One theory as to why you might be more likely to skimp with a moisturizer formula is that, "with a moisturizer, the goal is different than with sunscreen — people might have applied just enough to get softer more hydrated skin but not enough for adequate sun protection," Sejal Shah, a board-certified dermatologist in New York City, tells Allure. This raises a question that has yet to be investigated: "If the moisturizer was applied more thickly, would it have provided as much protection as the sunscreen?" Shah asks.

So, what does this mean for your sun protection routine? The study confirms Shah's previous SPF axiom: Wear a dedicated sunscreen, not just a moisturizer with SPF, to ensure you get the most sun protection. "To get adequate sun protection from a sunscreen, regardless of whether it is plain sunscreen or a sunscreen-moisturizer combo, it is critical to apply enough and to reapply every two hours or immediately after swimming, sweating, or toweling off," she says.

Secondly, the study highlights the need for additional forms of sun protection.
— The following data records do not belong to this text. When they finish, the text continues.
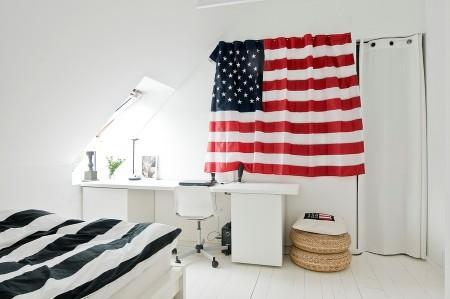 villa en suecia tragaluz en el comedor sofá en el baño piel de cordero en decoración muebles de terraza muebles de ikea muebles blancos grandes ventanales estilo nórdico estilo escandinavo diseño nórdico diseño de terrazas diseño de interiores decoración sueca decoración en blanco decoración de interiores cocinas con isla cocinas con armarios altos cocina moderna cocina blanca claraboya en una casa baño con piedra caliza 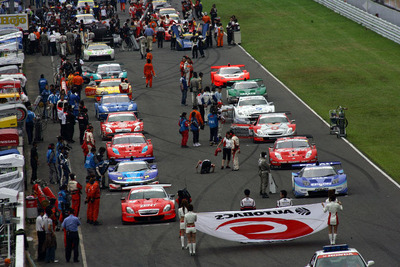 【SUPER GT】写真蔵…第5戦、接戦で決着 画像
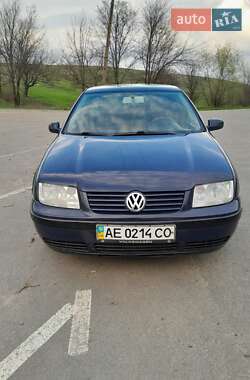 Седан Volkswagen Bora 2000 в Кривом Роге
As we've reported many times before, sunscreen shouldn't be your only line of defense when it comes to sun protection. You should also be making use of shade and wearing protective clothing, such as T-shirts, hats, and sunglasses. That's especially important for protecting the skin around your eyes, where you can also get skin cancer.

Point being, if you want to be absolutely sure you're getting the most sun protection, slather on a dedicated sunscreen instead of just a moisturizer with SPF.